### Exercise aim
At the line with "Diva Days Sequin", start transcribing; stop after the last line of the data below. Keep it exact and leave pictures out.

### Given data
━━━━━━━━

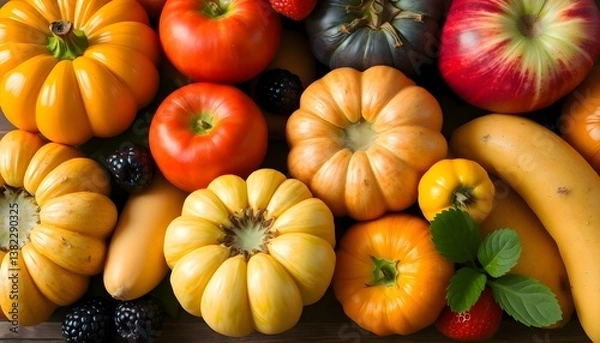 Obraz bunch of different types of fruits and vegetables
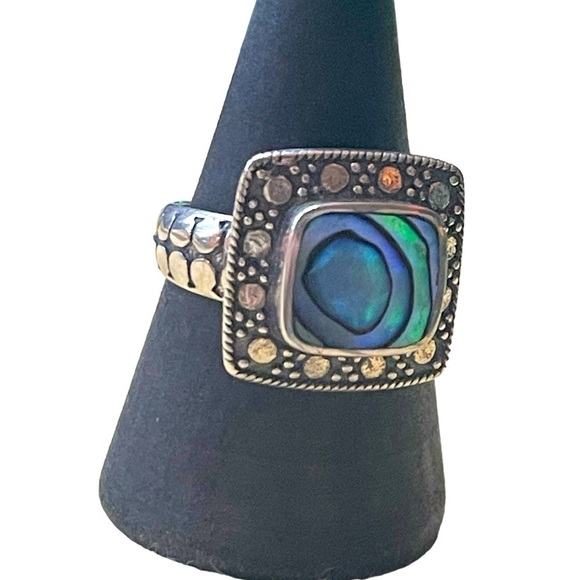 Abalone Shell Sterling Silver Ring (7.5) - Picture 4 of 10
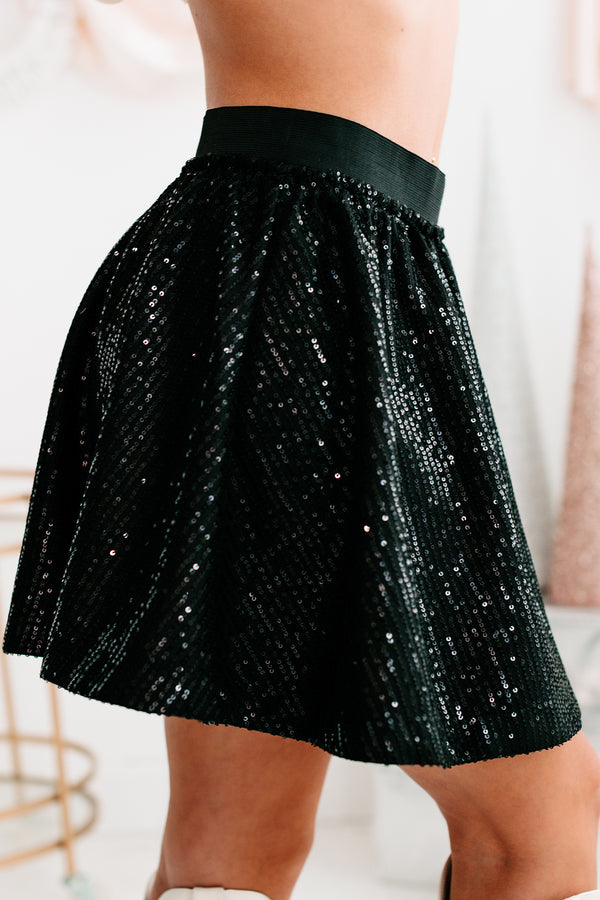 Diva Days Sequin Skater Skirt (Black) - NanaMacs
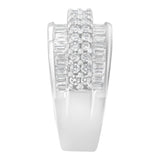 14K White Gold Round and Baguette Diamond Ring (1 1/2 Cttw, F-G Color, SI1-SI2 Clarity) - Size 6-3/4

━━━━━━━━

### Result of the task
 Diva Days Sequin Skater Skirt (Black) - NanaMacs
 14K White Gold Round and Baguette Diamond Ring (1 1/2 Cttw, F-G Color, SI1-SI2 Clarity) - Size 6-3/4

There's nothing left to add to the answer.